Assignment ->
Leave out the pictures and output exactly the lines below from the one with "12 Cute Flower" down to the one with "Compass Showing The", both of them included.

Material for this exercise ->
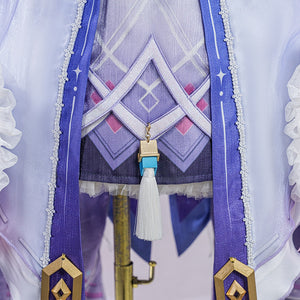 Genshin Impact Citlali Whispers of Stars and Smoke cosplay costume centers on layered purple geometric fabric and a tassel.
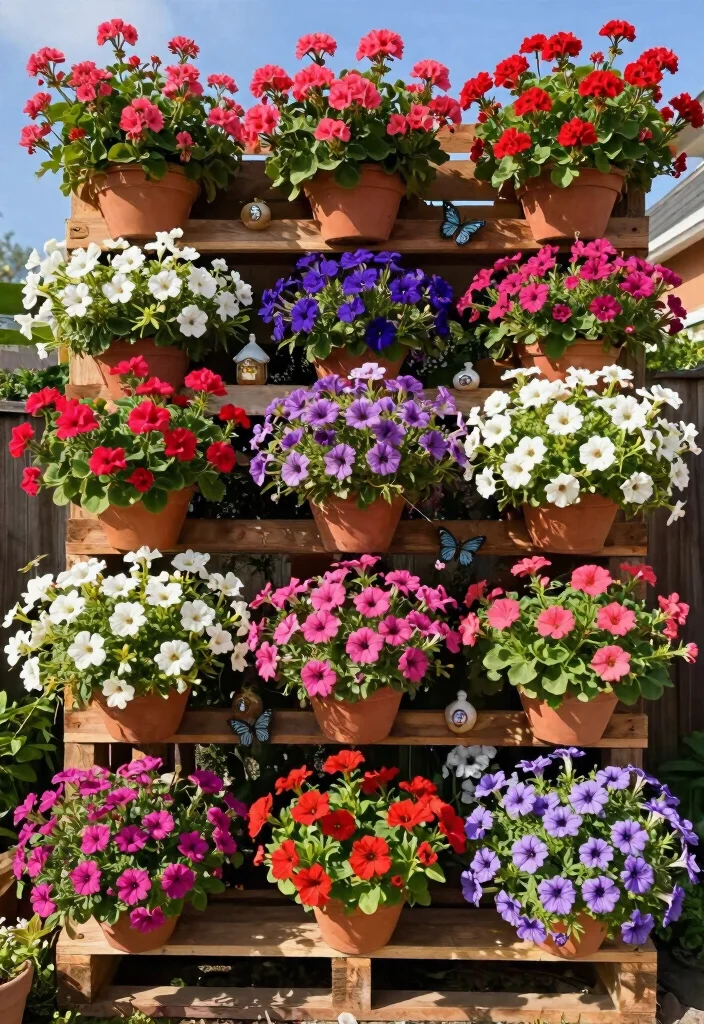 12 Cute Flower Bed Ideas for Playful, Charming, and Eye-Catching Gardens - 7. Vertical Flower Wall 1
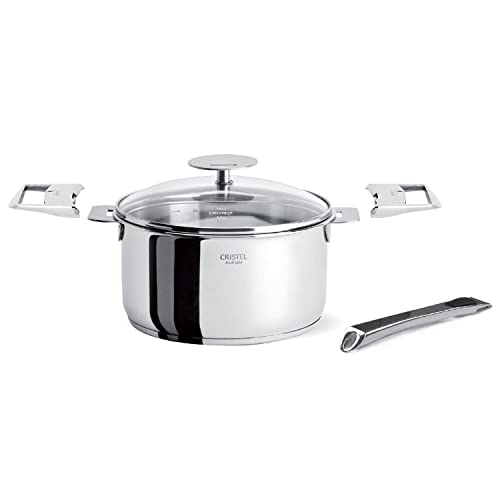 【中古】【未当て嵌める・未開封品】Cristel C14QMPKPPA Casteline蓋の長々しい手持ち部分と2つの手持ち部分（5個）が付いている1 クオートの鍋と書き割り 銀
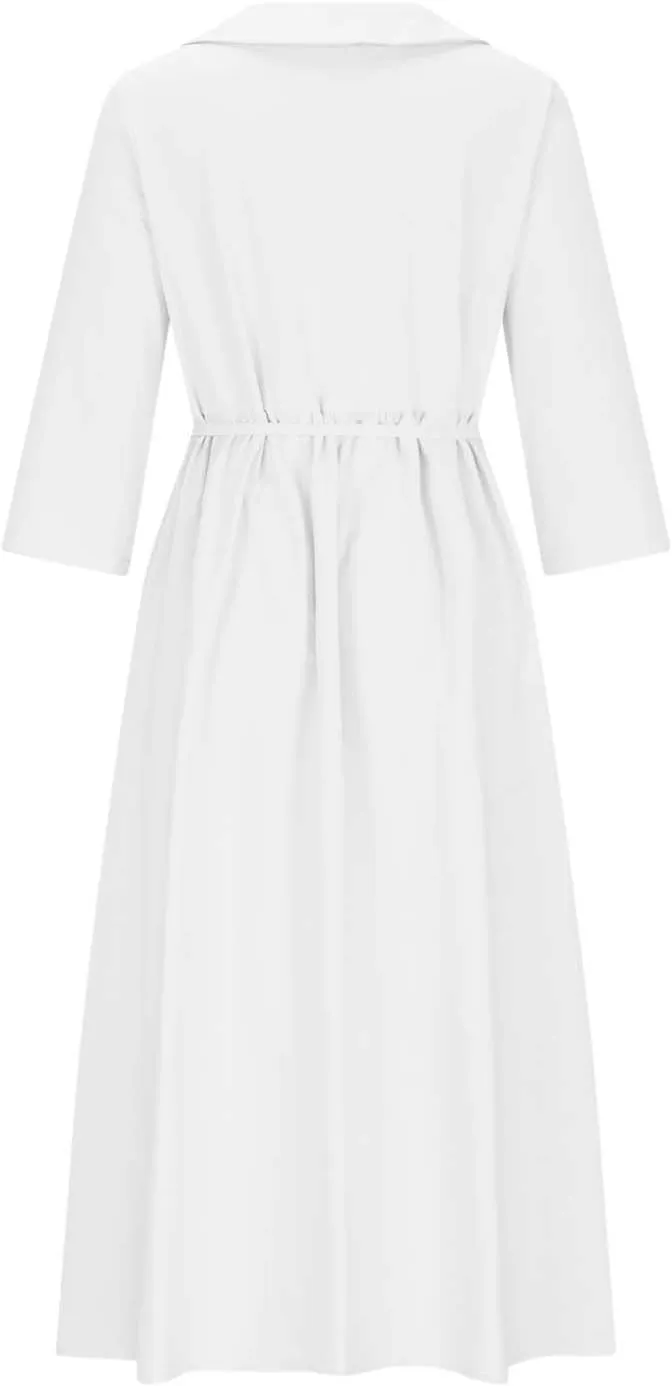 Cotton Linen Dress for Women Plus Size 3/4 Sleeve Lace Up Waist Button Dresses Summer Trendy Plus Size A-Line Dress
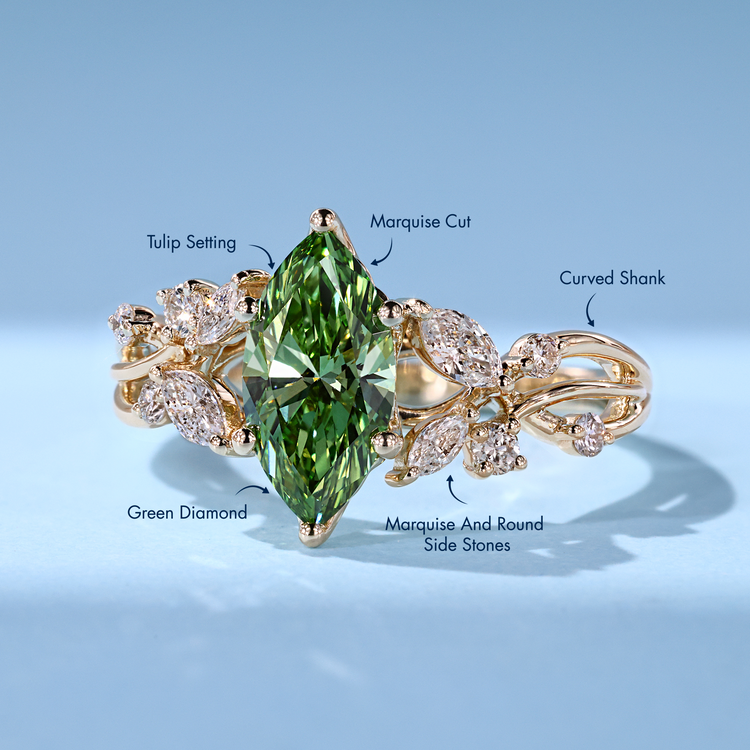 Handmade marquise ring with twisted shank.
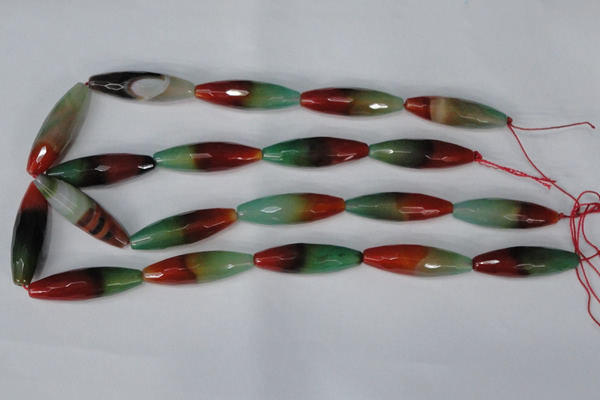 CAG1020 15.5 inches 12*40mm faceted rice rainbow agate beads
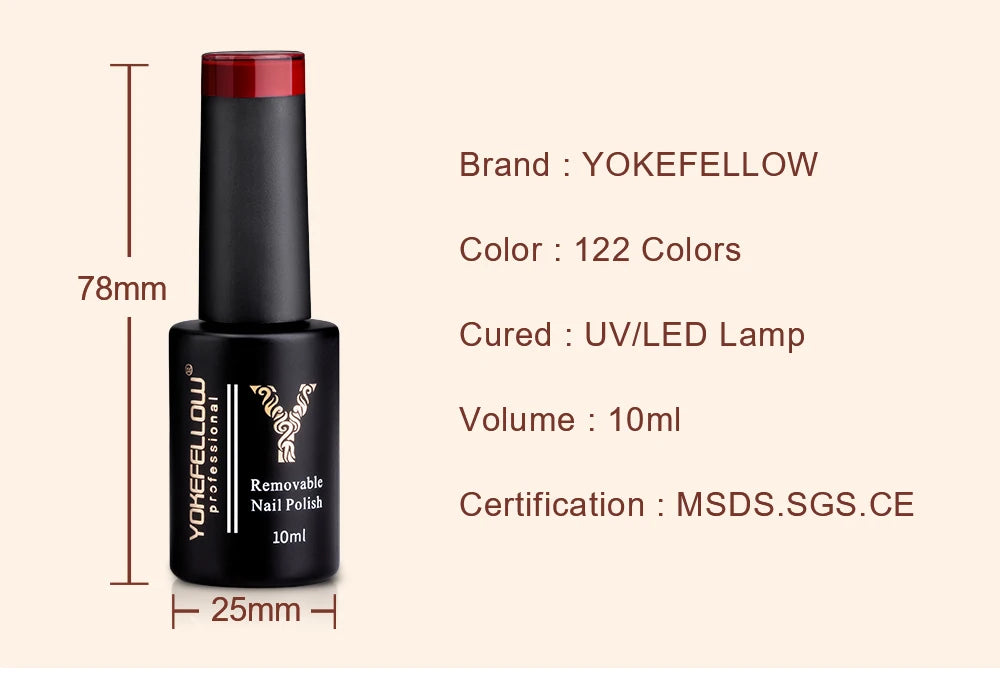 YOKEFELLOW 6-Piece Gel Nail Polish Set | Fall & Winter Seasonal Colors | UV/LED Semi-Permanent Gel Varnish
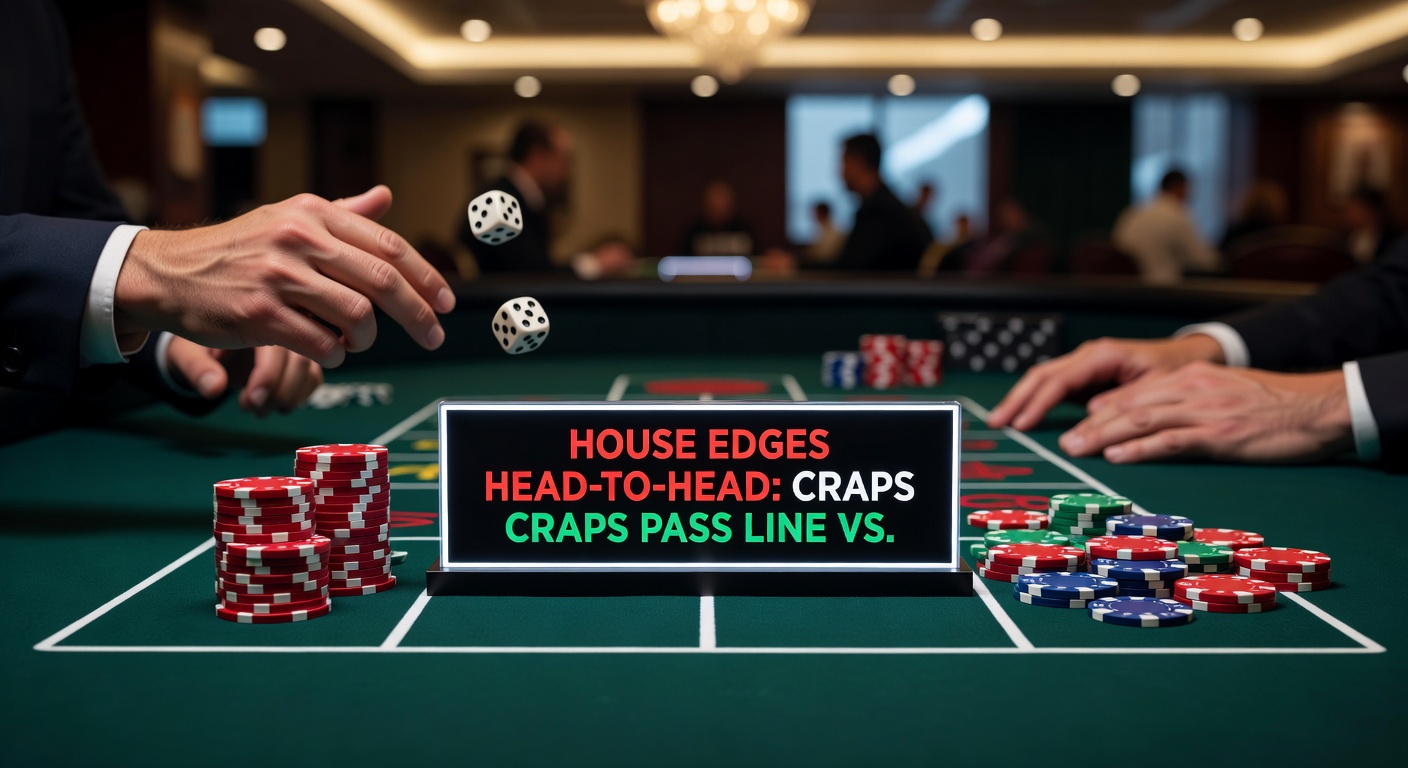 Close-up comparison chart of house edges for craps, blackjack, and roulette bets on a casino analytics dashboard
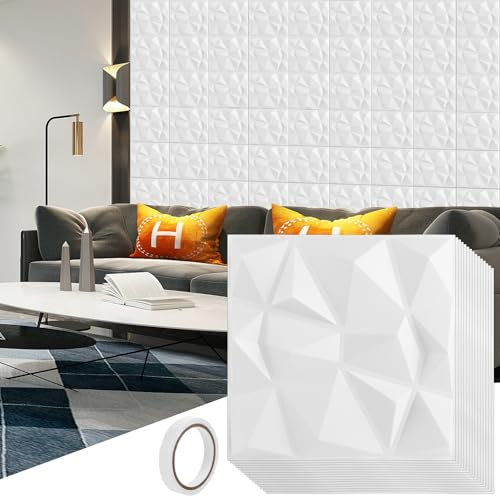 GBACHOOSE 30 pannelli da parete 3D, autoadesivi, 30 x 30 cm, rivestimento da parete in PVC, impermeabile, pannelli di plastica per soggiorno, camera da letto, cucina, decorazione da parete, bianco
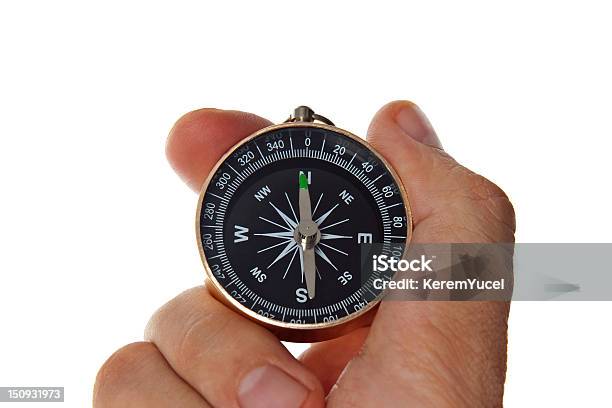 Compass Showing The Direction Stock Photo - Download Image Now - Navigational Compass, White Background, Choice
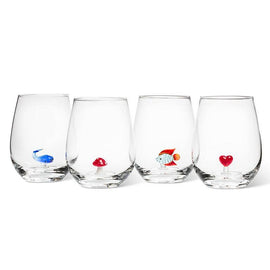 Heart Icon Stemless Wine Glass-4.5"H (20oz)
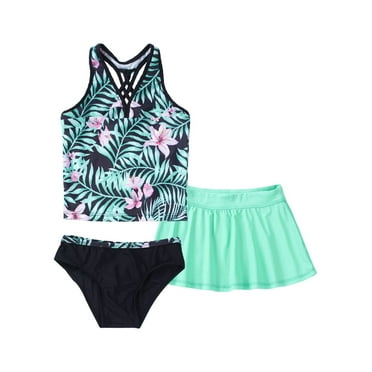 Yruioon Girls 3PCS Swimsuit Spaghetti Straps Crop Top with Bikini Briefs Beach Skirts Bathing Suit Summer Lily Pink 8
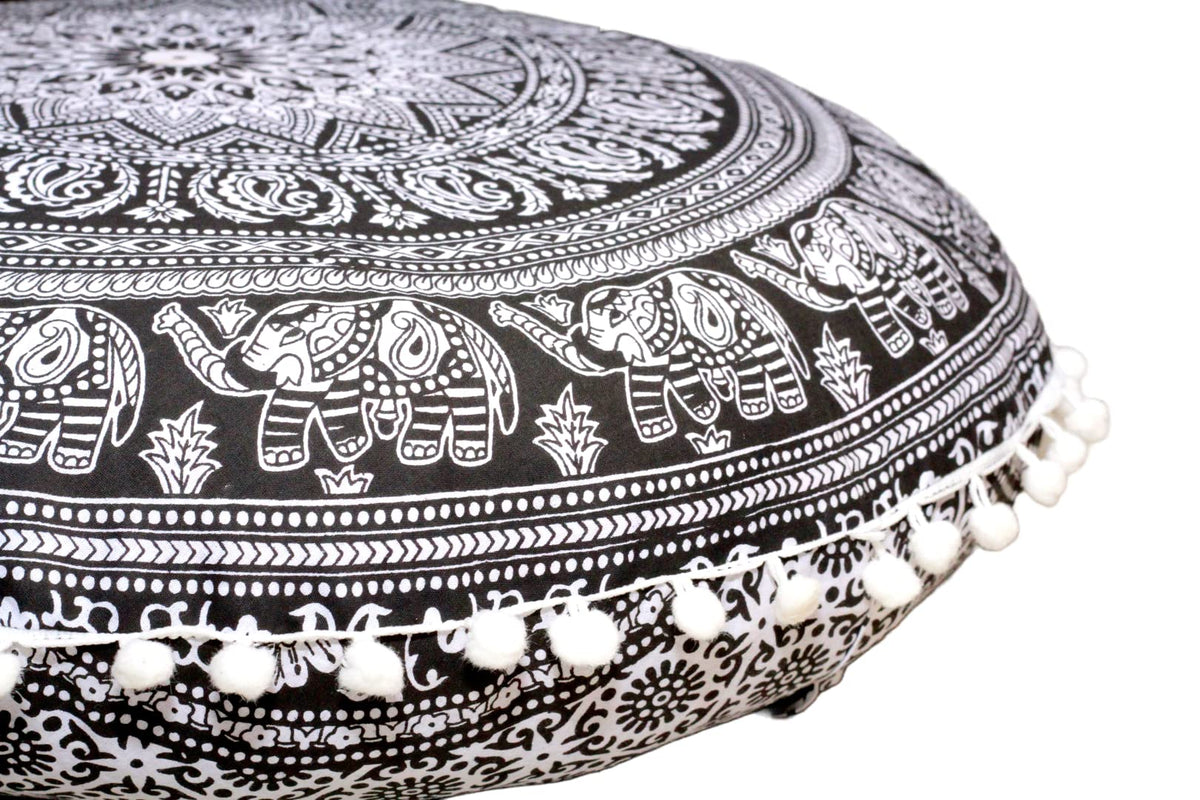 32" Large Round Bohemian Floor Pillow Cover Boho Pouf Cover Mandala Meditation Room Pillows Cover Adults Seating Poufs Cushion Cover for Kids Reading Playroom Black Elephant Flower (Black and White Elephant)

Reply ->
 12 Cute Flower Bed Ideas for Playful, Charming, and Eye-Catching Gardens - 7. Vertical Flower Wall 1
 【中古】【未当て嵌める・未開封品】Cristel C14QMPKPPA Casteline蓋の長々しい手持ち部分と2つの手持ち部分（5個）が付いている1 クオートの鍋と書き割り 銀
 Cotton Linen Dress for Women Plus Size 3/4 Sleeve Lace Up Waist Button Dresses Summer Trendy Plus Size A-Line Dress
 Handmade marquise ring with twisted shank.
 CAG1020 15.5 inches 12*40mm faceted rice rainbow agate beads
 YOKEFELLOW 6-Piece Gel Nail Polish Set | Fall & Winter Seasonal Colors | UV/LED Semi-Permanent Gel Varnish
 Close-up comparison chart of house edges for craps, blackjack, and roulette bets on a casino analytics dashboard
 GBACHOOSE 30 pannelli da parete 3D, autoadesivi, 30 x 30 cm, rivestimento da parete in PVC, impermeabile, pannelli di plastica per soggiorno, camera da letto, cucina, decorazione da parete, bianco
 Compass Showing The Direction Stock Photo - Download Image Now - Navigational Compass, White Background, Choice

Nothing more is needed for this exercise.